Problem requirements ▸ Taking the entries below, transcribe only the lines starting with the one with "Tiny photo for" and going on through the one with "Esperando La Carroza - Remera 100 % Algodón", exactly as written, without the pictures.

Records for the exercise ▸

☆ ☆ ☆ ☆ ☆ ☆ ☆

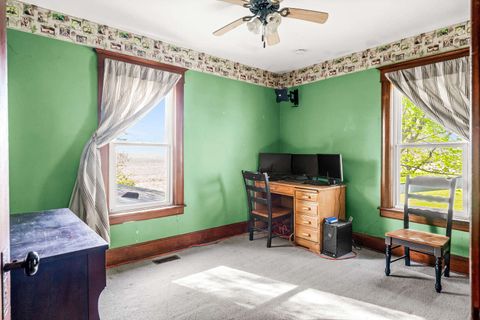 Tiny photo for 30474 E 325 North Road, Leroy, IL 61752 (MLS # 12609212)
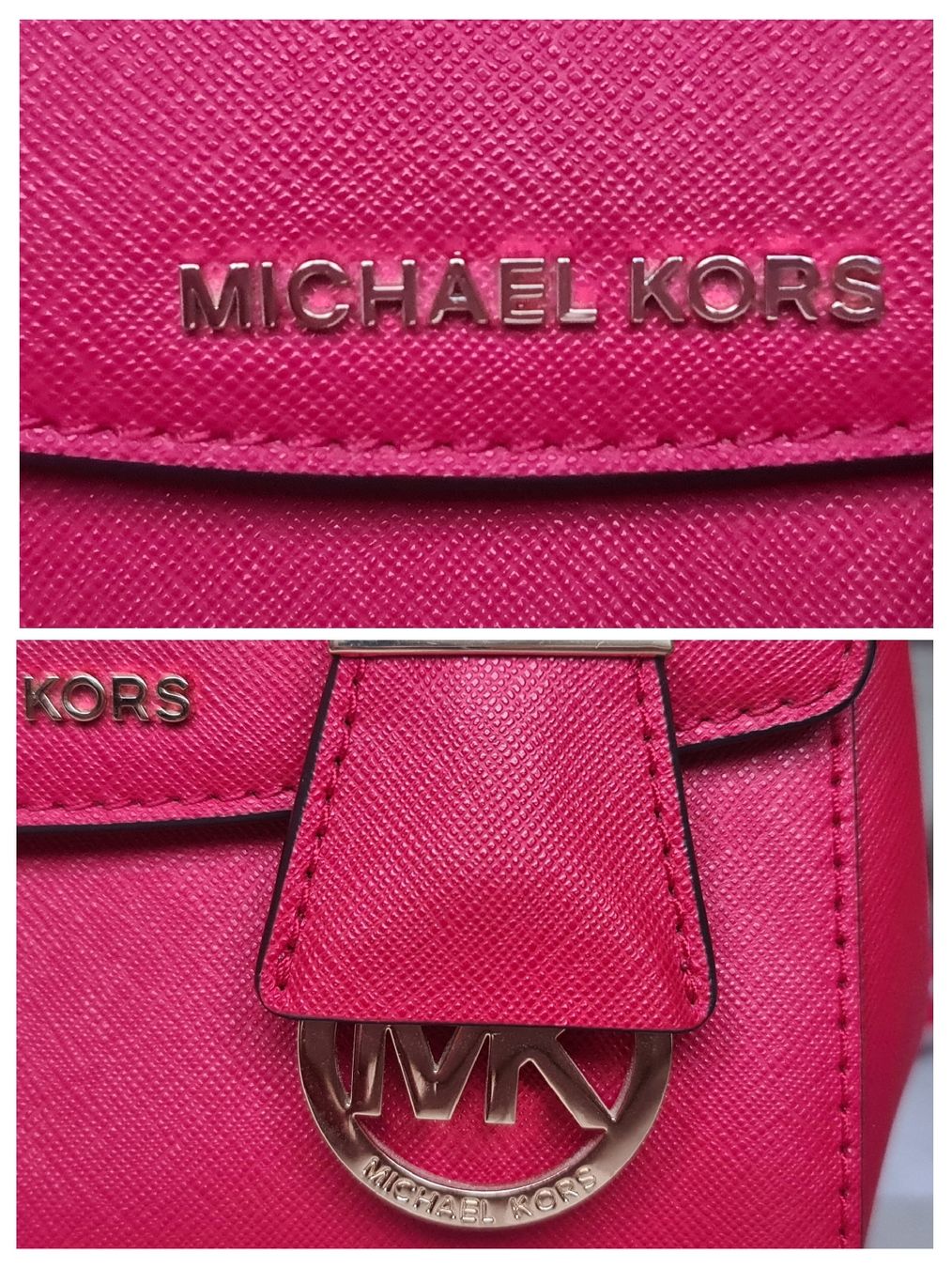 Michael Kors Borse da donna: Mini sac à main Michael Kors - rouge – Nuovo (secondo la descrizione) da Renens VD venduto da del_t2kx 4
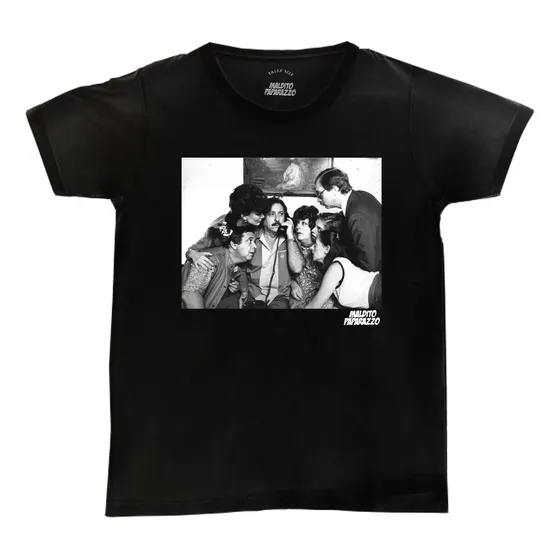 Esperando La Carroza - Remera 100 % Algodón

☆ ☆ ☆ ☆ ☆ ☆ ☆

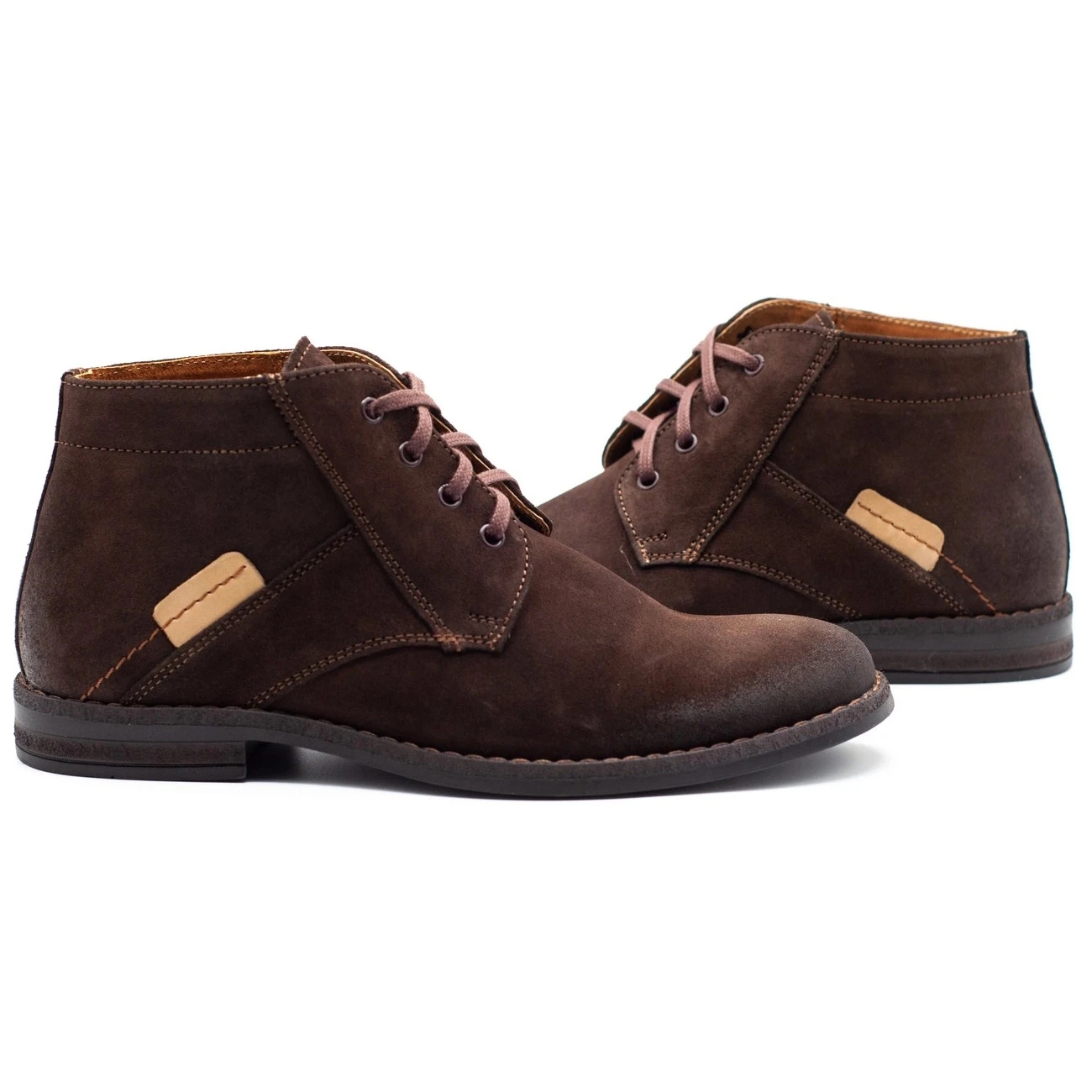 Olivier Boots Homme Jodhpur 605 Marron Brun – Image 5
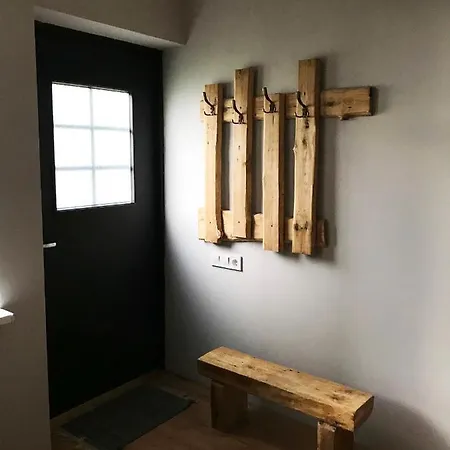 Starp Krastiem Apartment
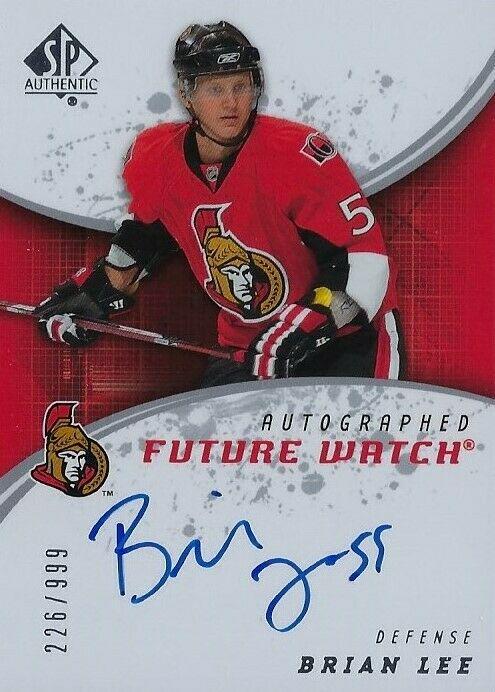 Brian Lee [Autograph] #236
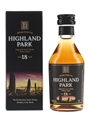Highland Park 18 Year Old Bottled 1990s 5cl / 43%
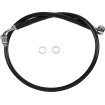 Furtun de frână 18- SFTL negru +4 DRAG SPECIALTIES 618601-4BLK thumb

☆ ☆ ☆ ☆ ☆ ☆ ☆

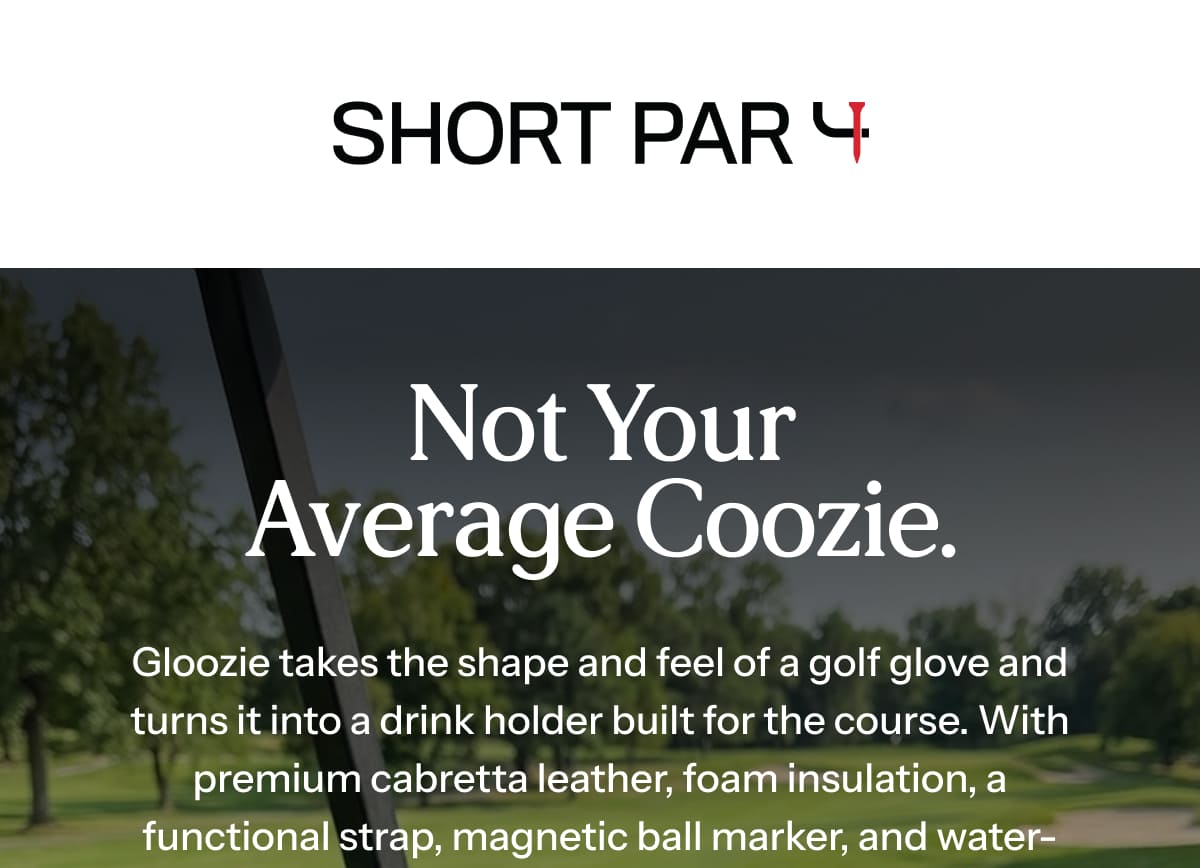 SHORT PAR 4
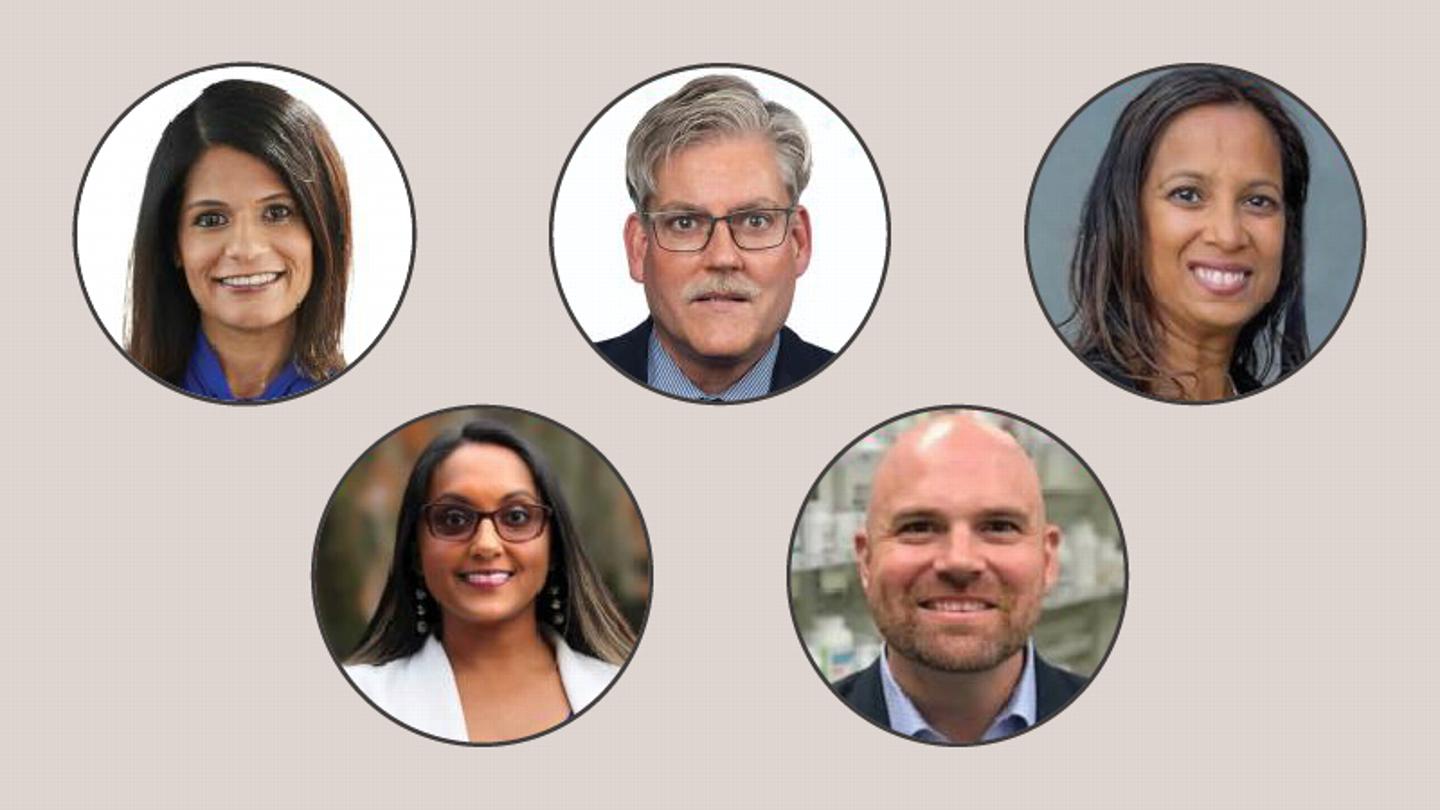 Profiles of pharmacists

☆ ☆ ☆ ☆ ☆ ☆ ☆

Exercise output ▸
 Tiny photo for 30474 E 325 North Road, Leroy, IL 61752 (MLS # 12609212)
 Michael Kors Borse da donna: Mini sac à main Michael Kors - rouge – Nuovo (secondo la descrizione) da Renens VD venduto da del_t2kx 4
 Esperando La Carroza - Remera 100 % Algodón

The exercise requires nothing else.